BENEFÍCIOS ENERGÉTICOS E AMBIENTAIS

Uma das nossas fábricas é em Volta Redonda (RJ), que é uma siderúrgica. Já a de Arcos (MG) é uma planta de cimento. O ganho foi mapeado em torno de R$ 45 milhões, valor que poderia ser investido como custo evitado por melhorias de processos e eficiência energética. É um valor bem considerável e chamou bastante a atenção da nossa diretoria. E os bons resultados vislumbrados em Volta Redonda motivaram a implantação também em Arcos. Por ser menor, a planta identificou um potencial menor de redução, de R$ 3 a R$ 5 milhões, que é um valor bem significativo também. Em termos ambientais, isso se reflete em aproveitamento de calor de processo, aproveitamento, no caso de Volta Redonda, de gases do processo siderúrgico, para gerar mais energia e evitar o consumo de gás. Diminuição do consumo de água também foi um aspecto positivo que conseguimos com os projetos implementados junto com a equipe do Programa Aliança.
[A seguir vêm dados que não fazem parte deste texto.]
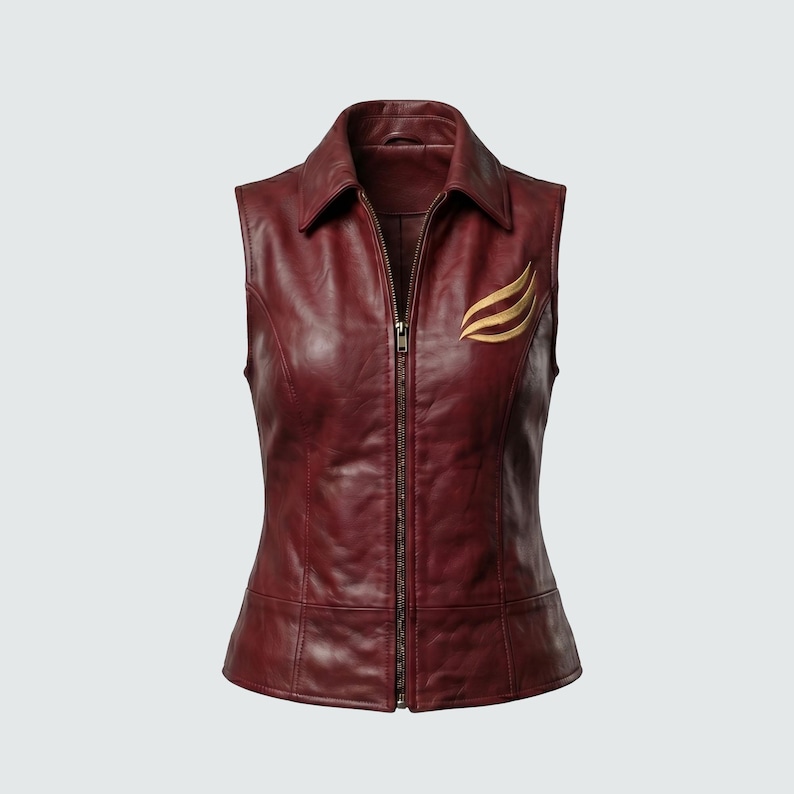 May include: A sleeveless burgundy leather vest with a collared neckline and a full-length zipper. The vest features a gold-colored emblem on the upper left chest. The vest is tailored with seams and has a fitted silhouette.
LEGADO DO PROGRAMA ALIANÇA

Eu acho que foi um momento de bastante reflexão e de ver que dá para se fazer diferente. O que ajudou bastante nesse processo foi que o modelo computacional trazido pelo Programa Aliança faz com que você, no dia a dia, não fique testando oportunidades ali. Seja de aumentar um calor de um forno, mexer em algumas coisas no processo, porque a produção exige uma rotina mais dinâmica. Mas, modelando a fábrica de forma computacional, você consegue verificar pontos de melhoria dos processos. E eu acho que isso é o que foi legal, já que permitiu as equipes analisar onde poderia haver essas melhorias. Então, isso foi bem legal, já que mostrou para as pessoas que estão há muitos anos fazendo aquilo na unidade que dá para fazer diferente. Dá para buscar algumas oportunidades, mesmo num processo que a pessoa já toca há muito tempo. A questão de eficiência energética é um ponto que sempre tem que ser recordado. Só que, infelizmente, é um ponto que acaba ficando no esquecimento, e projetos de aumento de produção acabam deixando projetos de eficiência energética em segundo plano. Então, eu acho que foi possível mostrar que dá para fazer diferente e que projetos de eficiência têm a sua importância também dentro da companhia.

MENSAGEM PARA O SETOR INDUSTRIAL

Olha, o recado que eu poderia deixar é que a empresa tem que sempre buscar, isso em qualquer segmento, fazer mais com menos. Na maioria das vezes, a eficiência energética não traz receitas, mas evita custos nos processos de produção. E isso, muitas vezes, tem uma fatia bem elevada que justifica o investimento. Por muitas vezes você não tem mais como aumentar a receita via aumento de produção. Então, redução de custos faz com que o seu negócio seja mais competitivo. É melhoria de processo, é melhoria em tudo. Então, seja lá qual for segmento, a ideia é essa mesmo, fazer mais com menos.